“Jangan sampai platform global tersebut menguat tanpa adanya regulasi yang tepat hingga akhirnya negara tidak bisa mengontrol,” kata Teten.
Selain itu ia menjelaskan, traffic orang yang bermedia sosial harus dibedakan dengan orang yang masuk ke e-commerce, jika disatukan, kata dia, maka rentan terjadi penyalahgunaan data pribadi.
“Data pribadi yang tadinya bukan untuk bisnis dagang, dipakai sebagai market intelegent,” katanya.

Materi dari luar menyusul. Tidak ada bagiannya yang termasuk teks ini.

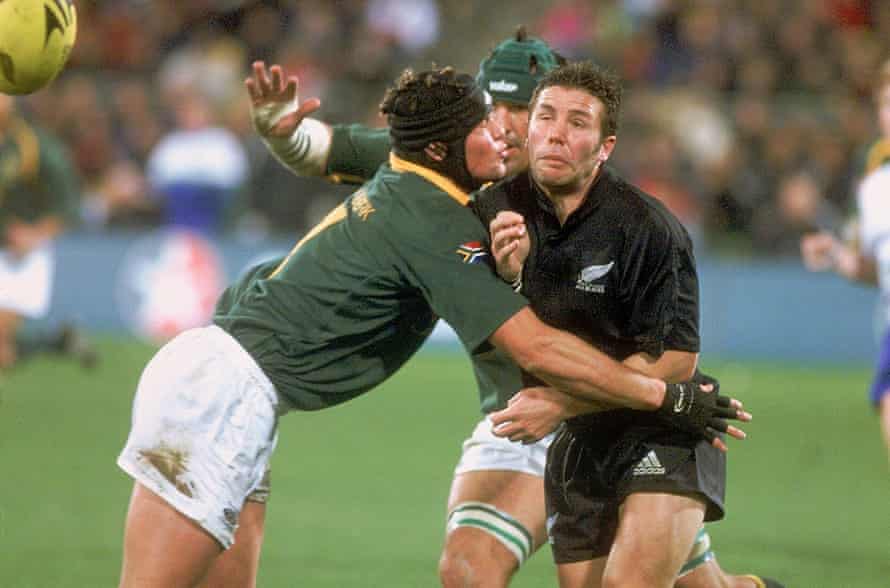 Joe van Niekerk tackles Aaron Mauger of the All Blacks during his debut for the Springboks in 2002.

Kedua, kata Teten, perlu penguatan pada aspek perdagangan. Regulasi harus mampu melahirkan persaingan usaha yang adil sehingga tidak menimbulkan monopoli pasar. Dan ketiga, pengaturan terkait importasi, dengan memperketat, mengatur, dan membatasi arus keluar- masuk barang.

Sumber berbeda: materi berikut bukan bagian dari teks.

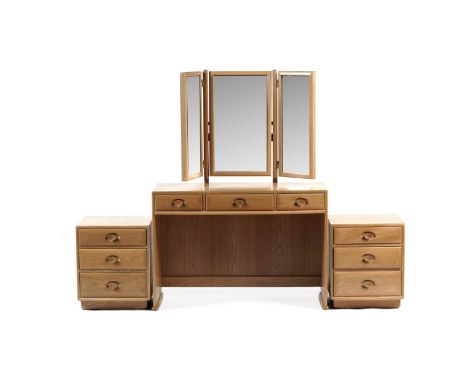 Ercol: A late 20th Century beech and elm bedroom suite comprising: a dressing table with triptych mirror, 110 x 44 x 151cm hi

"Barang yang masuk ke Indonesia harus memenuhi standar barang Indonesia dan dari negara asal barang hingga crossborder online, wajib menerapkan harga barang minimum di atas 100 dolas AS per unit," ucap Teten.

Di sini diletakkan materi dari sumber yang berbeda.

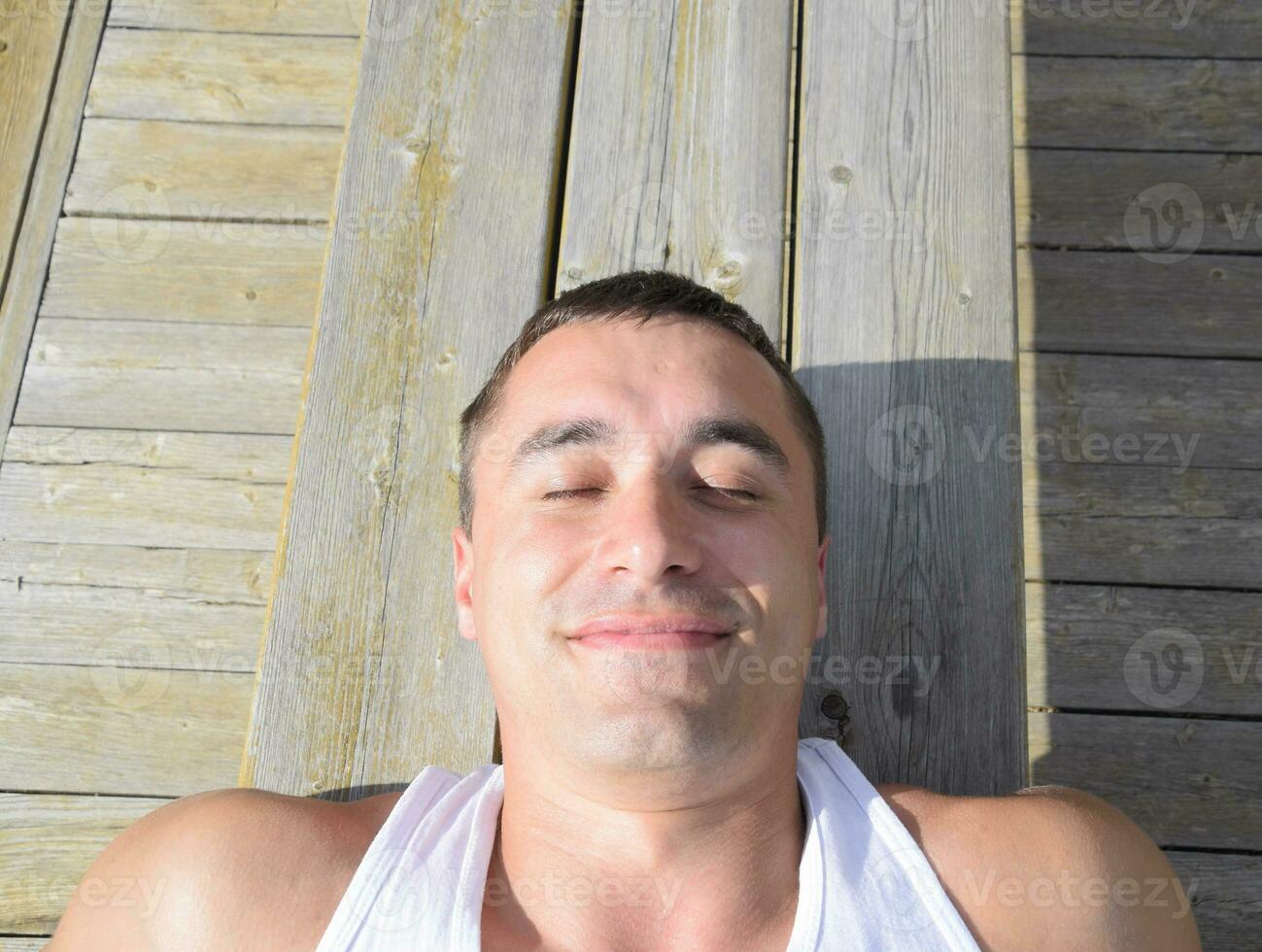 homme est mensonge sur une banc et élongation. une sourire sur le visage de une homme mensonge sur une banc. photo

Regulasi ketinggalan zaman
Ketua KPPU M Afif Hasbullah yang mengatakan, perkembangan e-commerce dan media sosial serta seluruh perangkatnya sangat besar, namun Indonesia ternyata belum mempunyai regulasi yang memayungi perdagangan digital secara terinci.
”Kami sepakat dengan Pak Menkop UKM untuk bersama-sama terlibat di dalam penyelesaian strategi nasional transformasi digital,” kata Afif.
Diakuinya, saat ini regulasi yang ada di KKPU sudah tidak sesuai karena lebih mengatur perdagangan konvensional, sehingga ke depan dimungkinkan dibentuknya Undang-Undang (UU) tentang pasar digital.
”Hari ini kami fokus agar UU pasar digital ini mulai menjadi perhatian dan kemudian nanti juga diharapkan peran kami juga bisa terlibat di dalamnya,” ucapnya.